Sherpa
Brief from client
Needing a creative and elegant logo for our creative think tank company. We specialize in mostly events, but would like to expand to bigger areas of commercial or radio media buying. We call ourselves sherpas, because we see ourselves as guides that help lead our clients up their mountains.
For this I chose something not typical. They were either going to love it or hate it. They hated it. I get that they weren't connecting with the mountain goat/ram symbol (it was a long shot of separating myself out from the many many mountain logos), but I'd still like critique and feedback here about it. They mentioned that they had a problem with it being 2D, 3D and having a gradient. I didn't see a problem in this since it still is a clear image to me and in simple grayscale. Love some thoughts and feedback on this.
4 Comments
That's a lot of logos you did there =) I have question though: are these all your clients or you doing spec work?
I'm not so sure about this one. It's a good thing to stray off the usual path but this looks globally too gloomy for a think tank.
Ok I could see the gloomy aspect. As far as the structure and form goes do you this it's too complex? Too many effects going on? Like if this were for a night club named Ram and they wanted dark and mysterious would you consider this successful?
And I'm not sure if you've heard of 99designs.com or not, but they basically just have customers pay a fee (and a portion of that is the monetary reward) and have designers submit logos to the customer's brief. It's just a lot of logo contests basically. Sometimes you get feedback sometimes you don't, but all in all it's great practice for someone like me because I get to see how I compare to other designers- all skill levels. It's great to see how really talented designers react to the same brief that I'm reading. So anyway these designs are ones that I have recently made and have not been selected.
Ho I heard about 99Design, and let me tell you they are the devil!
What they call "logo contest" is just a sneaky way to make millions of designers work for free, giving them the slim hope of making a ridiculously small amount of bucks.

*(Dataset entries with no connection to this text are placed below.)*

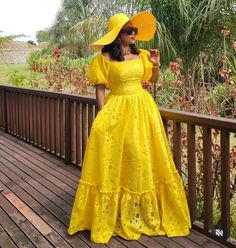 Maxi gown/ evening Dress/ African women dress/ Nigerian women dress/ lace styles/ Nigeria trendy gown Trendy Lace Dresses, Nigerian Lace Dress, Summer Fashion Dresses Casual, Nigerian Women, Lace Dress Classy, Long African Dresses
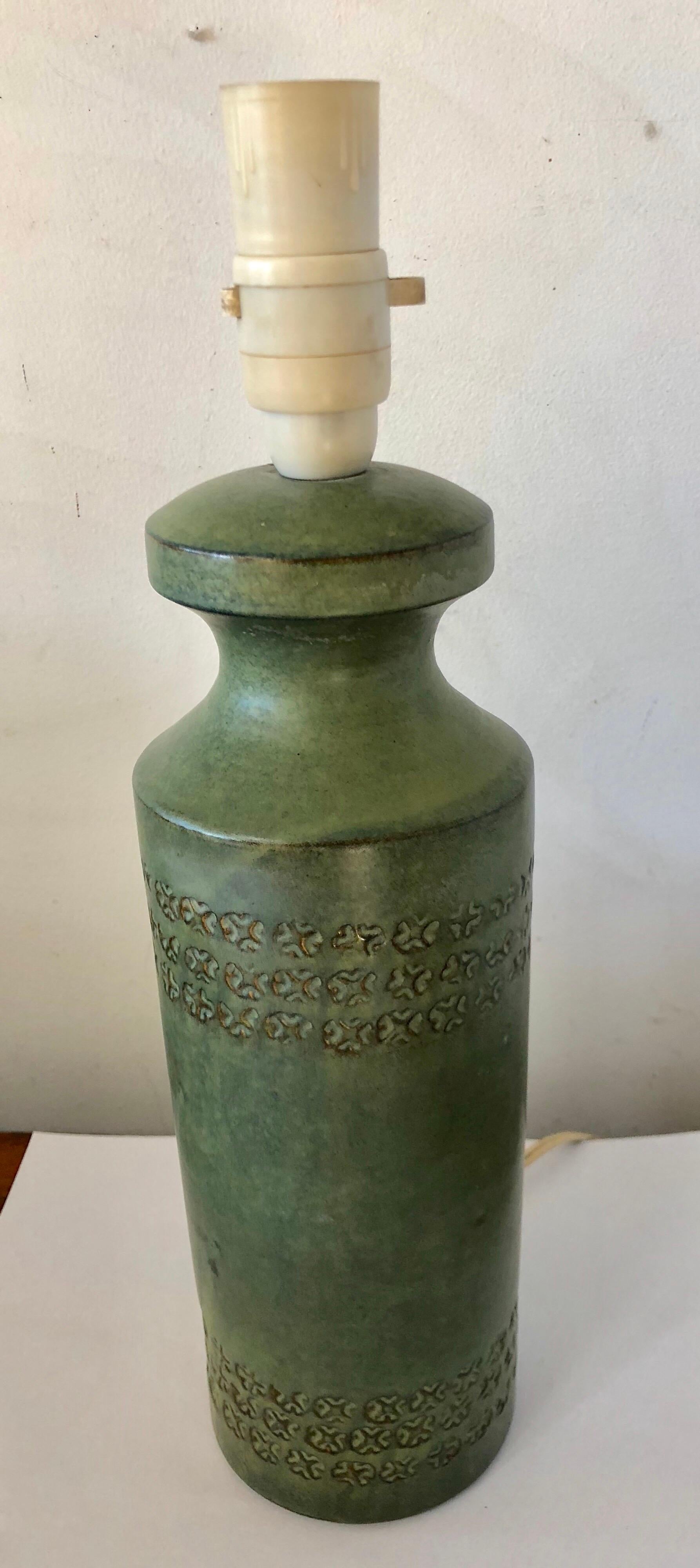 Mid-20th Century Modern Bitossi Erica Art Pottery Lamp by Aldo Londi For Sale 2
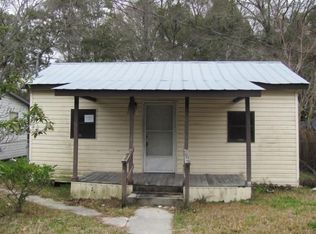 910 Pine St, Starke, FL 32091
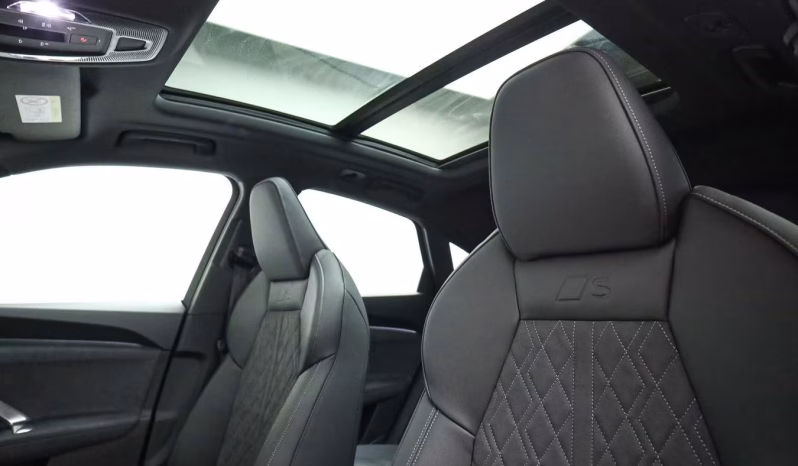 
								AUDI Q5 SPORTBACK S-LINE QUATTRO full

They are literally killing the freelance business. You should avoid this ponzi scheme at all cost.
Check out this site about spec work and how dangerous it is: http://www.nospec.com/
If you just want to work on your logo design skills, you can still pick up their briefs, but just don't send them your logos. As a designer, you should be paid for the time you spent working for a client that has personally selected you. You can also come up with your own briefs. Just don't participate into this scam.